Aqui é pertinente destacar o cuidadoso trabalho de concepção dos personagens que habitam o deserto de Mojave, cenário da trama. Na fronteira entre Estados Unidos e México, no meio de poeira vermelha e solo rachado, alguns animais ergueram um vilarejo usando garrafas velhas e pedaços de madeira. São os lagartos, roedores e pequenos pássaros que dividem seus espaços entre os saloons e casebres do local. Vistos do alto, por um humano desatento, não passariam de bichos comuns. A aproximação de Verbinski revela aos nossos sentidos seres cheios de peculiaridades e traços marcantes.

Entre tantos seres fantásticos, o camaleão protagonista, Rango, parece ser o mais tradicional dos personagens. Os outros animais exibem carcaças ressecadas pelo sol e falta de água. A penugem das aves e o pelo dos mamíferos são tão detalhados que é difícil acreditar que sejam resultado de criações artificiais. Como animais evoluídos, o filme ainda atribuiu características especiais aos bichos, com o cuidado de não fugir do que constituiu a composição biológica de cada um deles. Os traços de civilidade estão bem distribuídos por toda parte, com as roupas rudimentares e as soluções criativas para o arranjo de seus cenários.

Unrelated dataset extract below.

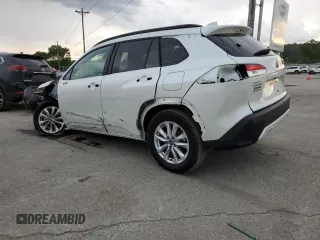 2024 Toyota Corolla Cross LE z VIN 7MUCAAAG2RV100676, wystawiony jako Copart lot #56000675 z przebiegiem 12 471 mil mil oraz Tytuł czysty. Historia ofert i sprzedaży dostępna na DreamBid. Obrazek 2.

A excelência do trabalho artístico visto em “Rango” tornaria desnecessária a consideração de outros elementos que, ao menos aqui, parecem secundários, como o roteiro. Escrita pelo próprio Verbinski, em parceria com outros nomes, a trama oscila entre o infantil e o adulto, não se definindo em nenhum dos polos. Antes de ser uma qualidade, a não seleção de um público alvo prejudica o desenvolvimento da narrativa, perdida entre o humor bobo e as referências maduras que sustentam melhor a história. Uma piada sobre próstata não convive bem com uma cena pueril que seria representada por um palhaço contratado para animar a festa de aniversário do seu filho.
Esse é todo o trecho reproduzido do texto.